Now, the question section was over and I was given 2 pieces of paper.
The 1st piece lists a bunch of reasons for me to pick that could cause a person to leave the current job, the items you look forward to in your new job in terms of compensation and your 3-month, 6-month, 1-year, 5-year and 10-year goals.
The 2nd piece simply asks what kind of assistance I'm seeking from their company, in terms of what skills you want to improve. Those questions were open as I could write whatever I want. I was asked to sign and date the 2nd piece. After checking carefully the content on the 2nd piece of paper, I signed and dated it.
I was alone in Mark's office when I was filling out the 2 pieces of paper and he came back in after I completed them. He took the first piece, browsed it and wrote something onto his note, telling me my choices were pretty much valid and normal for people like myself.
He didn't pick up the 2nd piece of paper but asked me to read my answers to him while he appeared to write down my answers. Well, all looked OK so far.
Now, the weird part started. He said he had gone through my resume when I was filling out the 2 pieces of paper and thought he'd definitely put me through to the next round. Now, I felt suspicious because he didn't ask any questions about my past professional engagements. He only listened to what I told him at the beginning.
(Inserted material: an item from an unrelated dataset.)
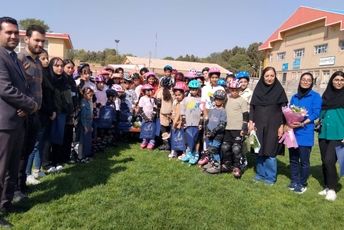 همایش بزرگ خانواده اسکیت در اهر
Then, he wanted to book an appointment with me and my wife. He also suggested I bring my kid to the interview, which was declined as I really didn't think that would be necessary. Before he proposed a date, I questioned him why bringing my wife would have something to do with my job hunting. He said me and my wife would discuss something, for example, there could be a fee, "which is not a burden to yourself". I initially interpreted this as the employer would pay the fee but he corrected me that I would have to pay the fee myself. I asked him how much the fee could be based on his years of experience, he said he didn't know. If he said he couldn't tell me, that would sounds more logical. But he said he didn't know, which alerted me immediately, because his not knowing the fee would be very unlikely.
I tried to find an excuse to leave the interview, saying I could call back to schedule the 2nd interview as I probably want to discuss it with my wife. Mark said that wouldn't be necessary as we only needed to work out a date to meet and he could schedule an appointment after business hours or even weekends so that my wife could attend it.
I asked again about the fee and questioned what would happen if after the 2nd interview, me and myself decide not to continue to use their service? Mark stopped for a few seconds and then came back, saying "Then you would lose a good opportunity". He also talked about the ratio that 1 out of 7 candidates will be the luck one to get the job, which gave me a hint that 6 out of 7 would be paying the fee and end up having nothing. Also, he mentioned that it is NOT his company that is interested in me but some other big companies. The big company that is interested in me asked his company to do some pre-screening or filtering on their behalf. I have never heard of this story as when a company wants to hire a job agent to look for some people for them, they will give the job description and requirements to the agent and it is the agent who searches job boards to find potential candidates. Otherwise, why bother paying an agent to do something they could do themselves?
I insisited on not making an appiontment for the 2nd interview and then Mark said I was not a fit for this position as I didn't appear to understand the business. I said fine and stepped out of the suite.
That's the end of my adventure last night and it took 30 min as it was 5pm when I came out. Maybe I really don't understand their business but, as a matter of fact, I don't want to try to understand it.